Combine that with credit suisse taking a 5 percent holding just before makes for interesting reading. Will be watching this one with interest.


----------



## bigt (22 March 2007)

Yep, forgot that one. Credit Suisse jumped on VMS early days too, made some profit there. They are also notoriously conservative when it comes to investing in speccies, so they must be confident of a return?


----------



## mmmmining (22 March 2007)

the barry said:
			
		

> Combine that with credit suisse taking a 5 percent holding just before makes for interesting reading. Will be watching this one with interest.



It is an off-market trading, not spend and risk money, so it does not count. So there is no impact on SP movement as wished.

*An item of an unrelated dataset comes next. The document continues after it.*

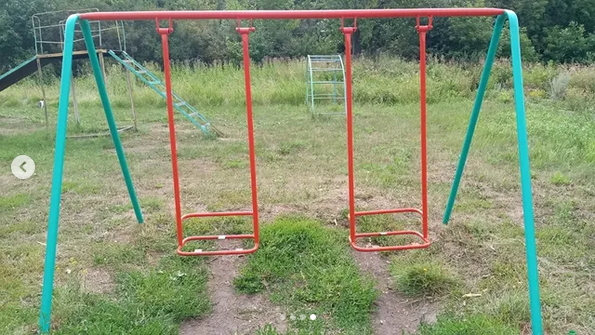 «Таза Қазақстан» экологиялық бағдарламасы аясында ауылымызда балалар алаңын сырлау жұмыстары жүргізілуде.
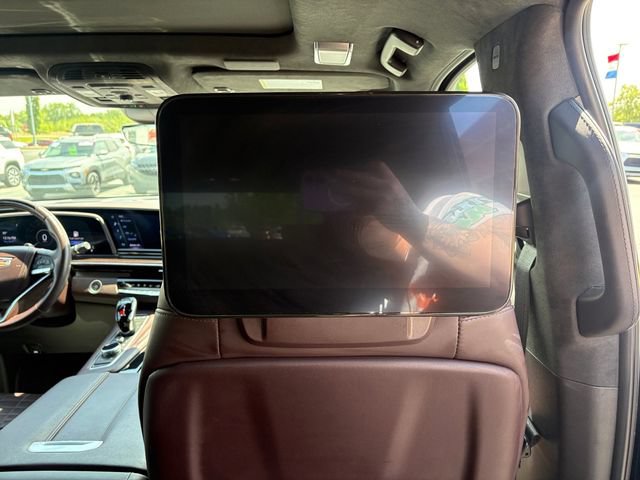 Certified 2023 Cadillac Escalade Sport Platinum w/ LPO, ONYX Package AWD/4WD image 19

PS. I am not ramping down this, XST might has very good future because in USA. It is hot in USA.


----------



## mmmmining (23 March 2007)

A overlooked ann. on 16 Mar, GMI' s directory Peter Griffin spent $137,000 for 100,000 share. GMI is a listed management investment for global miners.

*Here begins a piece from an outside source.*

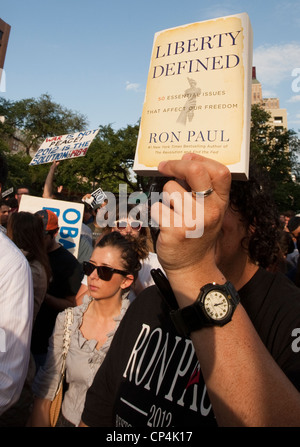 12. April 2012 San Antonio, Texas: GOP Präsidentschaftskandidaten Ron Paul endet seine Kampagne Schaukel durch seine Heimatstaat Stockfoto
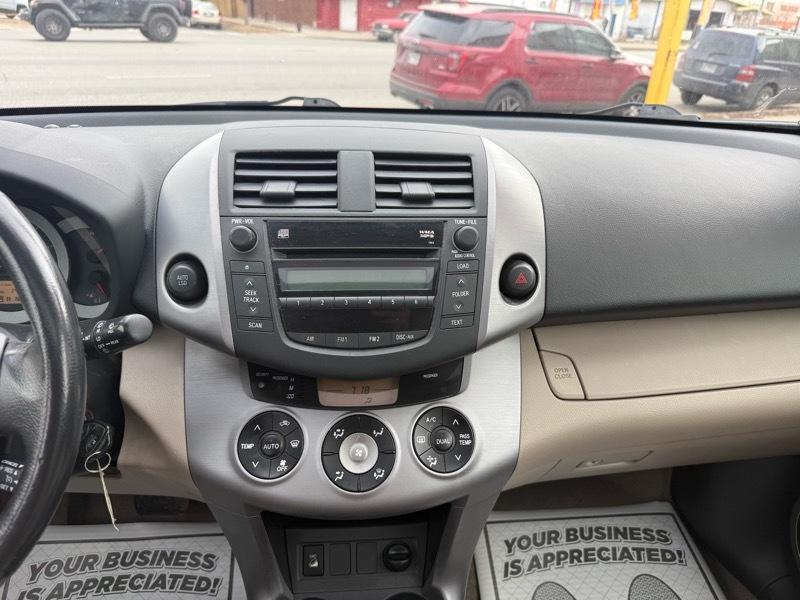 Toyota RAV4 Limited V6 2WD 2007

And Mar 22, Kieran Rodgers from BSM spent over $226,000 purchased 754,007 at 30c each. from Mar20 to Mar 22. A bit too quick to ann???


----------



## mmmmining (26 March 2007)

RHD's Ross bought 261,319 shares with $172,470.54. I watched this one a few years ago, never his the courage to jump on the board.


----------



## megla (26 March 2007)

HZN John Humphrey been pouring shares into his superfund.


----------



## mmmmining (27 March 2007)

DGR

Last week, the spouse of Director Christopher Rawlings has bought 260,000. Not much for $24,960

A couple of things make it significant:

1. Director's spouse has different surname. Must not be the first marriage, or she is a strong woman, cannot be easily screwed;

2. She increased her share holding (exclude option) by more than 50%


----------



## Bush Trader (29 March 2007)

TAP – Tap Oil

On the market purchase of 14,285 shares @ $1.475 on 23/3/07 (only $21,000) by non-executive directors N Taylor, P Lane, M Sandy.  It states that the share purchases form part of the directors remuneration package, however the following day an announcement was issued in regards to the acquisition of a share in a new perspective tenement with Woodside, adjacent to an existing discovery.

Cheers


----------



## noobs (29 March 2007)

2 Directors of TAS yesterday indirectly bought $307,000 each worth of shares and options for their superannuation funds. Sounds promising - Anybody care to shed some light on it as I don't fully understand the indirect purchasing - Does it simply mean that the aren't buying in their own names? Link to TAS announcements:

https://www.asx.com.au/asx/research...panyName=&principalActivity=&industryGroup=NO


----------



## mmmmining (29 March 2007)

Here is the refreshment for the purpose of this thread. The significant is:
Mini $50,000 (could be less if increased share holding by 50%)
Nature of Change MUST be On-Market Trading
All dividend reinvestment, exercise options, free share and options, placement entitlement, Off-Market Transfer, etc does not count. 

Reason: On-Market Trading is put the directors at same footing as you and me. Since he/she has insider information and we don't have, usually it is an excellent indicator if the director is reasonably capable and reliable.

But also patient required sometimes because the ASX insider trading rules. It might take a longer time before the expected price action taking place.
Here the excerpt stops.